Debug SD connections and pullup strength
If the initialization of the SD card fails, initially follow the above options. If the issue persists, confirm the connection of pullups to the SD pins. To do this, enable the
Debug sd pin connections and pullup strength
option from menuconfig and rerun the code. This will provide the following result:
**** PIN recovery time ****
PIN 14 CLK 10049 cycles
PIN 15 MOSI 10034 cycles
PIN 2 MISO 10034 cycles
PIN 13 CS 10034 cycles
**** PIN recovery time with weak pullup ****
PIN 14 CLK 100 cycles
PIN 15 MOSI 100 cycles
PIN 2 MISO 100 cycles
PIN 13 CS 100 cycles
**** PIN voltage levels ****
PIN 14 CLK 0.6V
PIN 15 MOSI 0.4V
PIN 2 MISO 0.7V
PIN 13 CS 0.9V
**** PIN voltage levels with weak pullup ****
PIN 14 CLK 0.9V
PIN 15 MOSI 1.0V
PIN 2 MISO 1.0V
PIN 13 CS 1.2V
**** PIN cross-talk ****
CLK MOSI MISO CS
PIN 14 CLK -- 0.2V 0.2V 0.2V
PIN 15 MOSI 0.1V -- 0.1V 0.1V
PIN 2 MISO 0.1V 0.1V -- 0.1V
PIN 13 CS 0.1V 0.1V 0.1V --
**** PIN cross-talk with weak pullup ****
CLK MOSI MISO CS
PIN 14 CLK -- 1.0V 1.1V 1.2V
PIN 15 MOSI 0.9V -- 1.0V 1.2V
PIN 2 MISO 0.9V 1.0V -- 1.2V
PIN 13 CS 0.9V 1.1V 1.0V --
In the absence of connected pullups and having the weak pullups enabled, you can assess the pullup connections by comparing PIN recovery time measured in CPU cycles. To check pullup connections, configure the pin as open drain, set it to low state, and count the cpu cycles consumed before returning to high state. If a pullup is connected, the pin will get back to high state after reasonably small cycle count, typically around 50-300 cycles, depending on pullup strength. If no pullup is connected, the PIN stays low and the measurement times out after 10000 cycles.

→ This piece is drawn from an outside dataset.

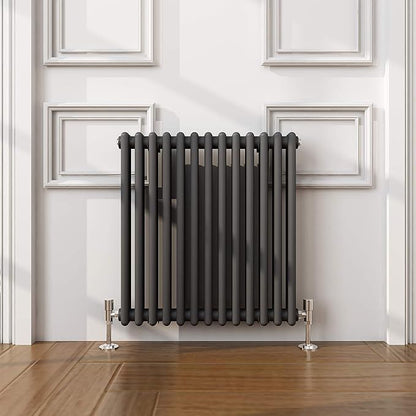 NILE Traditional 600x605 Anthracite Victorian Grey Horizontal Radiator Double Column Radiator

It will also provide the voltage levels at the corresponding SD pins. By default, this information is provided for ESP32 chip only, and for other chipsets, verify the availability of ADC pins for the respective GPIO using this and configure ADC mapped pins using menuconfig. Then test the voltage levels accordingly.

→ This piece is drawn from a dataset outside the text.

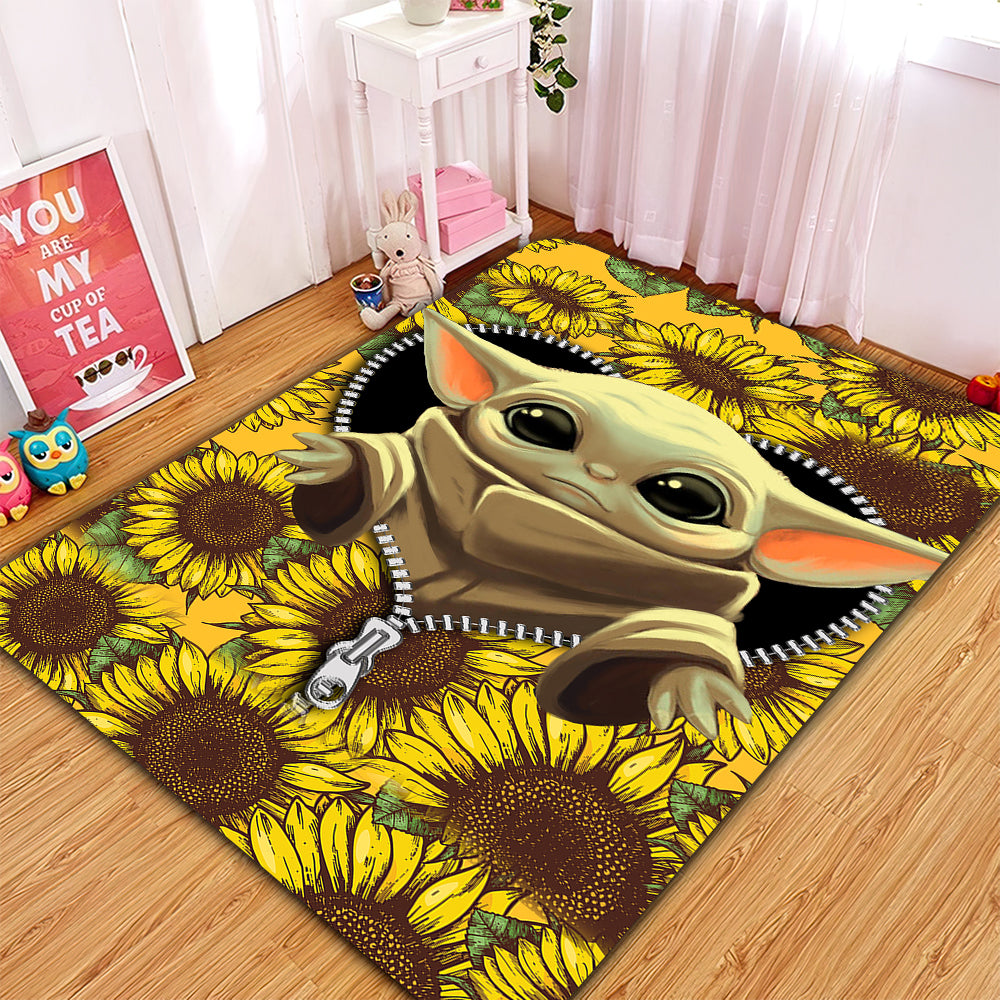Baby Yoda Sunflower Zipper Rug Carpet Rug Home Room Decor Nearkii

You can monitor the voltage levels of individual pins using PIN voltage levels
and PIN voltage levels with weak pullup
. However, if one pin being pulled low and experiencing interference with another pin, you can detect it through PIN cross-talk
and PIN cross-talk with weak pullup
. In the absence of pullups, voltage levels at each pin should range from 0 to 0.3V. With 10k pullups connected, the voltage will be between 3.1V to 3.3V, contingent on the connection between ADC pins and SD pins, and with weak pullups connected, it can fluctuate between 0.8V to 1.2V, depending on pullup strength.